I am constantly amazed at my capacity to instantly forget some things. I am equally amazed at my capacity to retain other things in agonizing detail. I won’t go into these agonizing details. Some of them are horrific and some of them are just stupid and some of them hold the cryptic key to my sanity.

Now if I could just decipher them.

Wednesday, September 8, 2010

Change of Scenery

My roommate Cawby-Ku and I have recently begun rearranging our house. We realized that we were not making art like we had planned and blamed this partly on the fact that all our art-making stuff was in our basement “studio”. It’s easy to ignore things in the basement. So we are going to experiment with a new, hopefully better, use of our space.

Today I moved my bed down into what once was the dining room. And after some clever maneuvering, and with the help of my friend Tobias, I have begun to create a studio space out of the old living room. Essentially I have a mini two-room apartment that is connected to the kitchen. And I still have access to the awesome claw foot tub upstairs. And our new television room is stupidly cute and cozy. Cawby-Ku is keeping her bedroom where it is and will be turning my old room into her studio. Hurrah! She’s close to her artwork and I’m close to mine!

And my aging dogs won’t have to climb the stairs a bazillion times a day. I think it’s going to work out well for all of us. Even the cat seems to be okay, although with him I’m always on the look out for signs of emotional trauma.

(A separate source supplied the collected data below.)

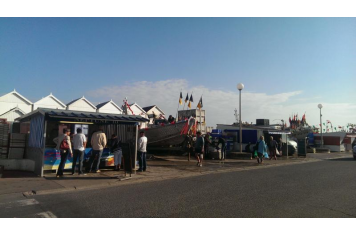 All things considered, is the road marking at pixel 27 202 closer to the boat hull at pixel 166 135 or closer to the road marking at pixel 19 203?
the road marking at pixel 19 203

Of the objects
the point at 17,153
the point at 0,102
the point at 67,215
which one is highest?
the point at 0,102

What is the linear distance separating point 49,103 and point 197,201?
21654 millimetres

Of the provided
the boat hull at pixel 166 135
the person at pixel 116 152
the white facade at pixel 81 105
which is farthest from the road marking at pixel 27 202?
the white facade at pixel 81 105

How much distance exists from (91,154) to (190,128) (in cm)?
814

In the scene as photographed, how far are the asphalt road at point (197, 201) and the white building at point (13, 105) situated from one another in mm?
17169

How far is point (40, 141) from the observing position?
9578 millimetres

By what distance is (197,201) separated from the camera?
5938 millimetres

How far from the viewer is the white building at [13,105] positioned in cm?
2064

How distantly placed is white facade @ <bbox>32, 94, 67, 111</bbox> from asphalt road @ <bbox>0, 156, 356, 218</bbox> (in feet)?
60.2

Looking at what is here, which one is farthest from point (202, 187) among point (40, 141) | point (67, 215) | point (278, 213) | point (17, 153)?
point (17, 153)

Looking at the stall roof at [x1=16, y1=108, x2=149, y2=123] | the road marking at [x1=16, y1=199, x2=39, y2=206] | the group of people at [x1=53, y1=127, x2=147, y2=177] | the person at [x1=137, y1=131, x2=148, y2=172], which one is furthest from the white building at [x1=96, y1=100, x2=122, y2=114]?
the road marking at [x1=16, y1=199, x2=39, y2=206]

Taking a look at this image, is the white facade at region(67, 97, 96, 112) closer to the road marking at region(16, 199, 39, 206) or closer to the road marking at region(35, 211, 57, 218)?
the road marking at region(16, 199, 39, 206)

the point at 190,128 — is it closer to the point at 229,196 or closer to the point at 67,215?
the point at 229,196

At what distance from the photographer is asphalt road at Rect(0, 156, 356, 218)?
5047 mm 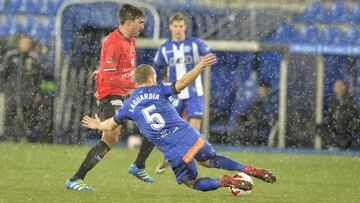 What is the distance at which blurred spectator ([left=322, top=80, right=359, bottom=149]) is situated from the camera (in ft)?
61.3

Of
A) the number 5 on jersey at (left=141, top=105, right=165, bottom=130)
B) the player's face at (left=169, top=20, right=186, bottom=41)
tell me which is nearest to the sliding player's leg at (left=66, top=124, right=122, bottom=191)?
the number 5 on jersey at (left=141, top=105, right=165, bottom=130)

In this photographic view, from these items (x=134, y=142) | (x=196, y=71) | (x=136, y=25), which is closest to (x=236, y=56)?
(x=134, y=142)

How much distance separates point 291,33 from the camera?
2019cm

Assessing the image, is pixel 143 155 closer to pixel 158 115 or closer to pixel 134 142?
pixel 158 115

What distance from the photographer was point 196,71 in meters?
9.38

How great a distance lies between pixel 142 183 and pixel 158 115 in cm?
220

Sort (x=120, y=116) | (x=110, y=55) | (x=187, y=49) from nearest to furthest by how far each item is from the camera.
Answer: (x=120, y=116) < (x=110, y=55) < (x=187, y=49)

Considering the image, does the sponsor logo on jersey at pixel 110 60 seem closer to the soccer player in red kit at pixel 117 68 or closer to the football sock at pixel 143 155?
the soccer player in red kit at pixel 117 68

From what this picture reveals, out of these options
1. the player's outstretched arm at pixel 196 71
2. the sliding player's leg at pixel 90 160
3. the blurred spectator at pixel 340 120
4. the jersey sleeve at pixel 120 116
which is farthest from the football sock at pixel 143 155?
the blurred spectator at pixel 340 120

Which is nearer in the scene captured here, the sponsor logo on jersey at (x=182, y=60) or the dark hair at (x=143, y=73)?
the dark hair at (x=143, y=73)

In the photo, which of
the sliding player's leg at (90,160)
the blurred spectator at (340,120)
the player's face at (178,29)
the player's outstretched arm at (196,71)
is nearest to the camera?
the player's outstretched arm at (196,71)

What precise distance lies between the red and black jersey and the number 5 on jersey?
53.9 inches

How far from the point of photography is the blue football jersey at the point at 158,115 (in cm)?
966

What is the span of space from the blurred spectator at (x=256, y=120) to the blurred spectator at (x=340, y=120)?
109 cm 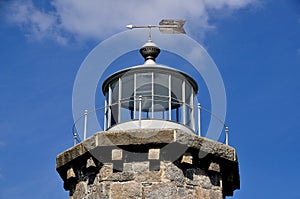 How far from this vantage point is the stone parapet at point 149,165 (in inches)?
366

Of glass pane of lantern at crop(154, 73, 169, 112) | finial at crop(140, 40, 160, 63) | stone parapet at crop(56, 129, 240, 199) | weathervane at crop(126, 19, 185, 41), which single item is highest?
weathervane at crop(126, 19, 185, 41)

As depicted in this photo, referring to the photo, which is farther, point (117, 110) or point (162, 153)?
point (117, 110)

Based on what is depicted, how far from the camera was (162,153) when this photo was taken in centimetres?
942

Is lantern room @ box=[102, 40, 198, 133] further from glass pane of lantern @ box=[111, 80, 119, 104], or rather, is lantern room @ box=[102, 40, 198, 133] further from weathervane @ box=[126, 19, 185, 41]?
weathervane @ box=[126, 19, 185, 41]

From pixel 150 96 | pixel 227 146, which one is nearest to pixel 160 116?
pixel 150 96

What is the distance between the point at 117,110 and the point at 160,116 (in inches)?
25.5

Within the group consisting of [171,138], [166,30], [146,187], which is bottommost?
[146,187]

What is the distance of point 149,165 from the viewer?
9.40 meters

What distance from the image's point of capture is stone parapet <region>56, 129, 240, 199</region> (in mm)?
9289

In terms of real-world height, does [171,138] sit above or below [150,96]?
below

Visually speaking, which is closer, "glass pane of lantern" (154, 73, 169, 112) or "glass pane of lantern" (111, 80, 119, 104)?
"glass pane of lantern" (154, 73, 169, 112)

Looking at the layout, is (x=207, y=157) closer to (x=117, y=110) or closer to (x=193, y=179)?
(x=193, y=179)

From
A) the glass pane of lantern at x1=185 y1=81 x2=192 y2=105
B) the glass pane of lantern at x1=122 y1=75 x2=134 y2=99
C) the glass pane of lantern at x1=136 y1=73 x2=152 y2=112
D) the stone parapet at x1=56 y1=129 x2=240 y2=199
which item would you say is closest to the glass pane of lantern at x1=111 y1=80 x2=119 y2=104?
the glass pane of lantern at x1=122 y1=75 x2=134 y2=99

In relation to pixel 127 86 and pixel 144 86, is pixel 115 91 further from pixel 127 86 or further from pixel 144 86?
pixel 144 86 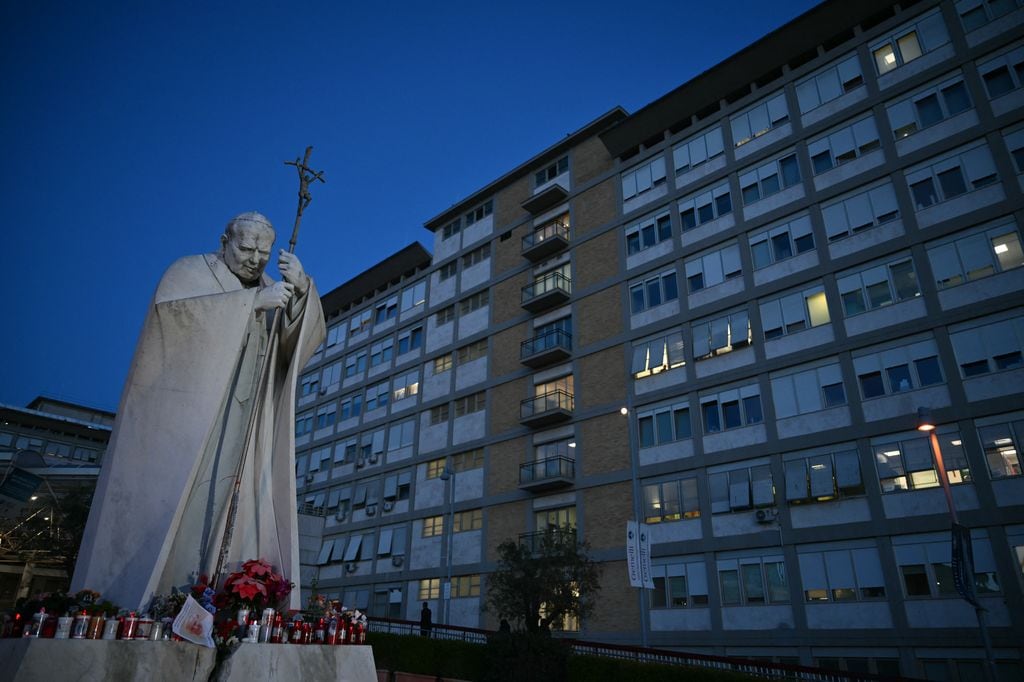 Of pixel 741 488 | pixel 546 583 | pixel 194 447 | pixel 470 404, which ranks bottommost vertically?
pixel 546 583

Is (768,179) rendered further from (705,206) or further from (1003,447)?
(1003,447)

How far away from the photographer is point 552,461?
113 ft

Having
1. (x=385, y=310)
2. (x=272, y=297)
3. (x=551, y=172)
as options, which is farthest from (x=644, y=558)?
(x=385, y=310)

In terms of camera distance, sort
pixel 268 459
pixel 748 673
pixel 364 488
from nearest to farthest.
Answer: pixel 268 459
pixel 748 673
pixel 364 488

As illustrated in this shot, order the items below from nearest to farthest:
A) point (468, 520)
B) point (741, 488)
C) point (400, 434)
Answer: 1. point (741, 488)
2. point (468, 520)
3. point (400, 434)

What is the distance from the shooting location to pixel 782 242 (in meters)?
29.8

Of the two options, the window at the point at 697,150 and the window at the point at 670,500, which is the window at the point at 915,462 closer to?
the window at the point at 670,500

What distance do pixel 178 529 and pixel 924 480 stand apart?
2427 centimetres

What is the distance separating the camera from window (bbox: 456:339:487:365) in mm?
42838

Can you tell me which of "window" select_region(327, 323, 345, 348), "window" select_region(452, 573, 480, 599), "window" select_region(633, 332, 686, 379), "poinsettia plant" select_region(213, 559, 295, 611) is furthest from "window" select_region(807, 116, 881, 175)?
"window" select_region(327, 323, 345, 348)

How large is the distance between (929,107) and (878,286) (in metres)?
7.62

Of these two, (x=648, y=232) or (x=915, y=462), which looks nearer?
(x=915, y=462)

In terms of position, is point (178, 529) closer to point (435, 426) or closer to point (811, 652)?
point (811, 652)

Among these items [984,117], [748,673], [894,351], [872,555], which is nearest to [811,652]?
[872,555] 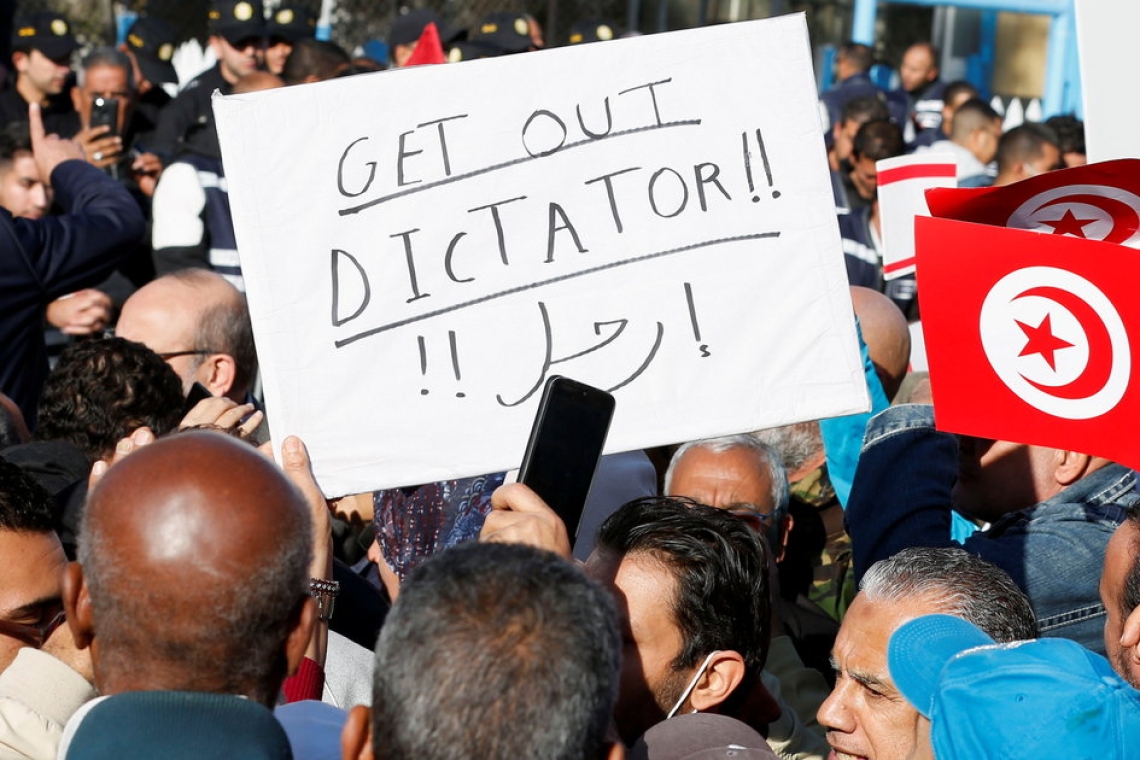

So here I am about to begin my first night in my new room. One dog is already asleep on my legs. The other keeps looking at me with confusion in his eyes, because he clearly doesn’t remember anything that’s happened today. And the cat has already succeeded in tearing down the curtains I so carefully push-pinned over the archway between my bedroom and the studio.

The space feels good and I’m hoping that somehow I can absorb some of this good feeling through my pores while I sleep. I feel like I’ve been making some progress towards recognizing my own unique idiosyncrasies and I can’t help but think of this space as both a reward and a catalyst.

I still feel crazy though.

And I can’t quite shake the old feeling that I’m being a bother to some people.

Tuesday, September 7, 2010

Collaborative Art at its Finest

This is what I drew on my snazzy new phone yesterday.

This is what my roommate did with the picture on her even snazzier phone.

I foresee great artistic advancements in our future.